[[ INFORMATION SHOWN open ]]
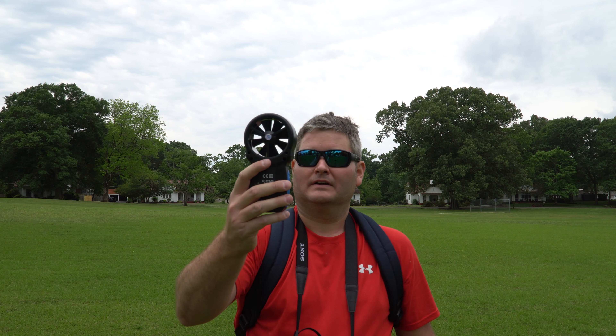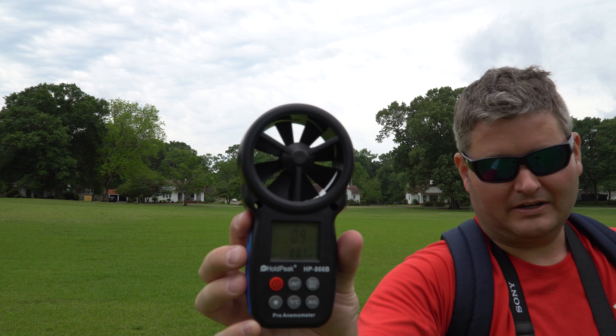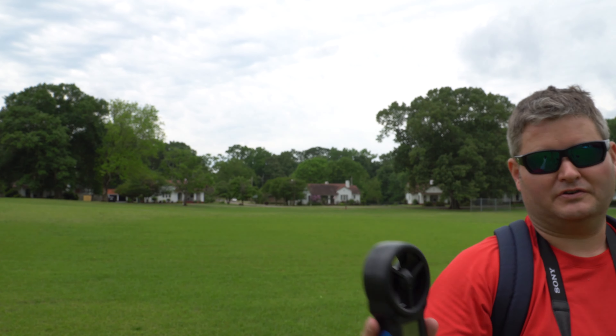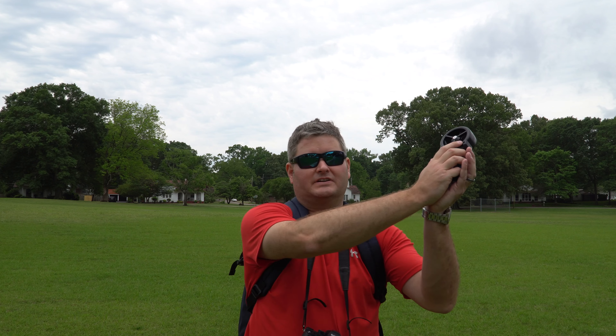Good day mate. A lot of you have asked how do you measure wind speed before you fly your drone, and this is super important. If you weren't brought up on the sea, you probably don't know how to guesstimate in your head that the wind speed is a certain number of knots, so you probably want to use something called an anemometer.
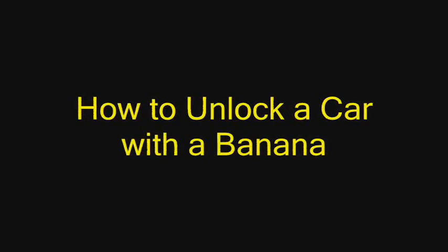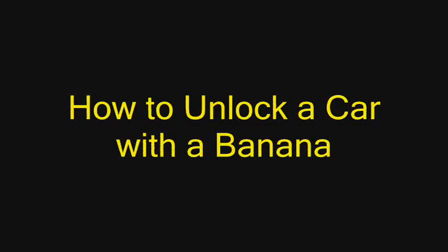A beautiful bunch, alright banana! Alright guys, Gum and Cheese here. Today I'm going to show you how to unlock a car with a banana.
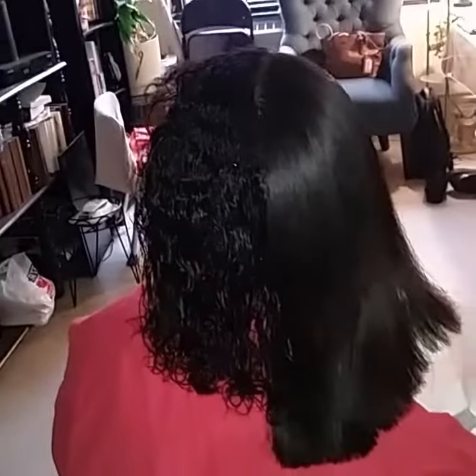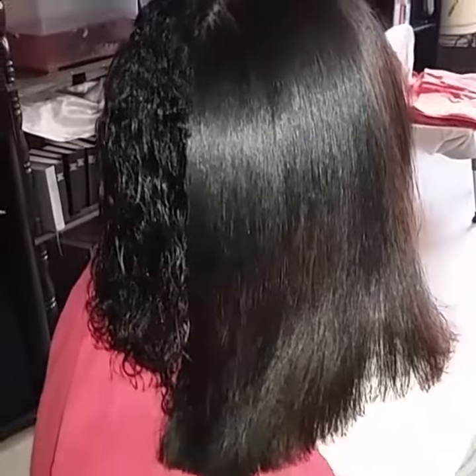This is one side blown out. The other side is not. Check it out baby.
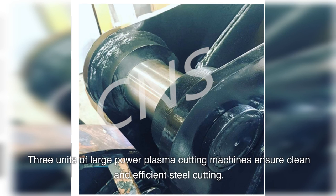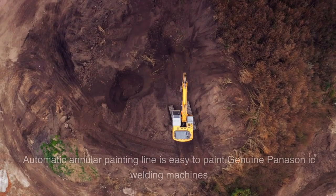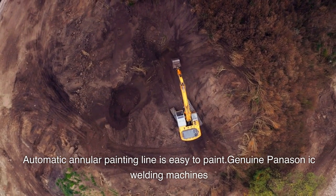3 units of large power plasma cutting machines ensure clean and efficient steel cutting. 10 sets of full-direction welding positioners ensure good and efficient welding. An automatic annular painting line makes painting easy. Genuine Panasonic welding machines are used throughout.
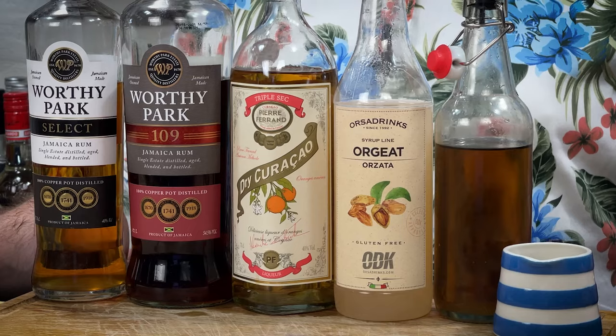I bet you know what that is. But this one is flipping delicious — let's go. So the first cocktail is going to need absolutely zero introduction to a lot of regular viewers. But for you new viewers, if you want to get into tiki cocktails, this is the be all and end all, to be honest. It is the Mai Tai.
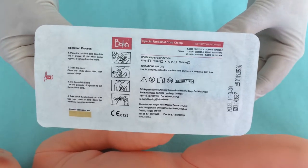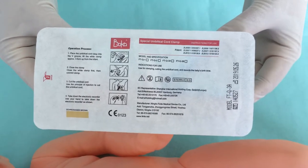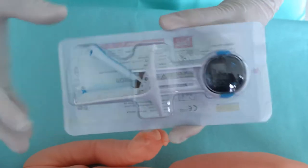This is the Boca Ambrico Cord Clamp. You can see this is the packing of it. First, open the packing.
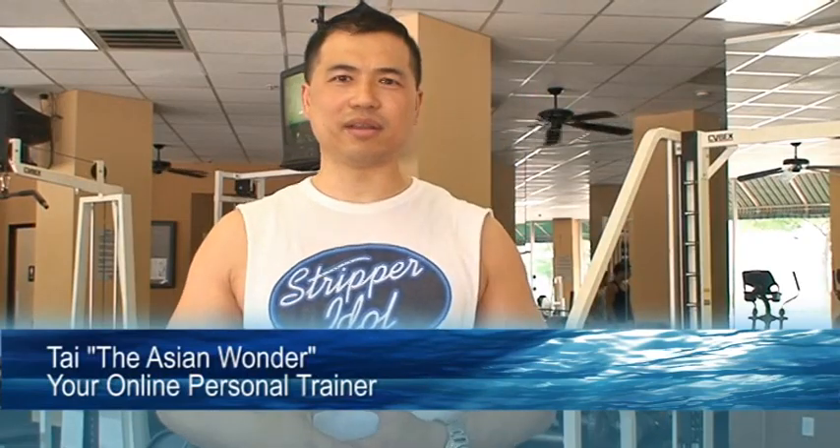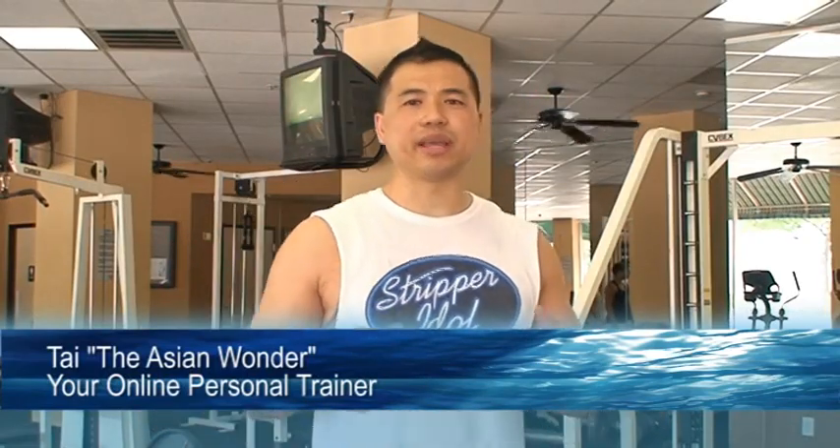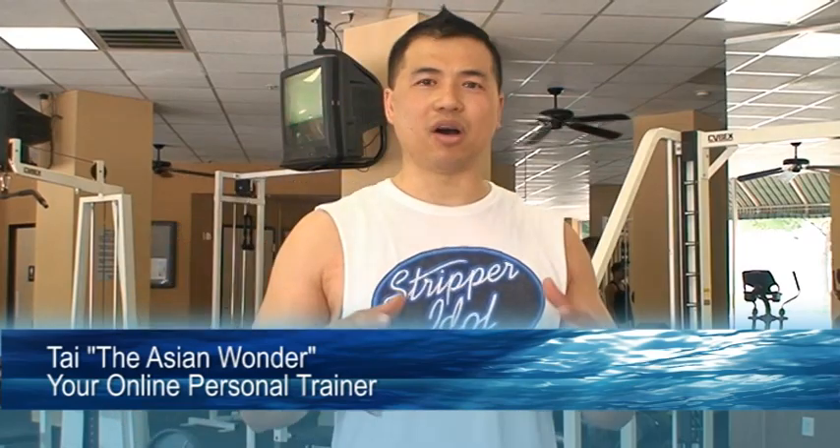What's up guys? This is Ty, the Asian Wonder, your online personal trainer. In this video I want to answer a very common question that everybody always asks me when I'm at the gym: how many sets should I do?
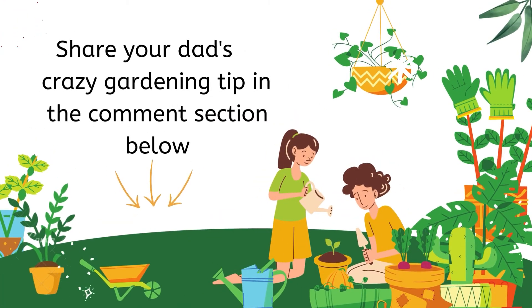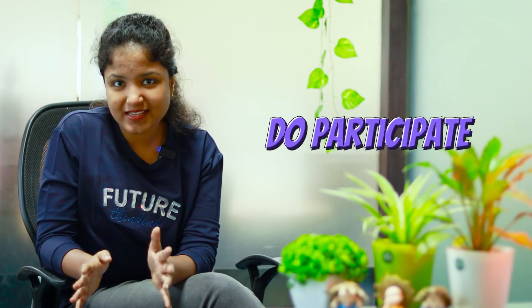We're going to pick a few and post them on our Instagram and YouTube pages, so do participate in the contest, guys. It's going to be fun, and we are really looking forward to knowing those crazy gardening tips.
[[ INFORMATION SHOWN closed ]]
### WORK TO BE COMPLETED
Transcribe every entry exactly, leaving out the pictures.

### RESULT OF THE EXERCISE
Good day mate. A lot of you have asked how do you measure wind speed before you fly your drone, and this is super important. If you weren't brought up on the sea, you probably don't know how to guesstimate in your head that the wind speed is a certain number of knots, so you probably want to use something called an anemometer.
A beautiful bunch, alright banana! Alright guys, Gum and Cheese here. Today I'm going to show you how to unlock a car with a banana.
This is one side blown out. The other side is not. Check it out baby.
3 units of large power plasma cutting machines ensure clean and efficient steel cutting. 10 sets of full-direction welding positioners ensure good and efficient welding. An automatic annular painting line makes painting easy. Genuine Panasonic welding machines are used throughout.
I bet you know what that is. But this one is flipping delicious — let's go. So the first cocktail is going to need absolutely zero introduction to a lot of regular viewers. But for you new viewers, if you want to get into tiki cocktails, this is the be all and end all, to be honest. It is the Mai Tai.
This is the Boca Ambrico Cord Clamp. You can see this is the packing of it. First, open the packing.
What's up guys? This is Ty, the Asian Wonder, your online personal trainer. In this video I want to answer a very common question that everybody always asks me when I'm at the gym: how many sets should I do?
We're going to pick a few and post them on our Instagram and YouTube pages, so do participate in the contest, guys. It's going to be fun, and we are really looking forward to knowing those crazy gardening tips.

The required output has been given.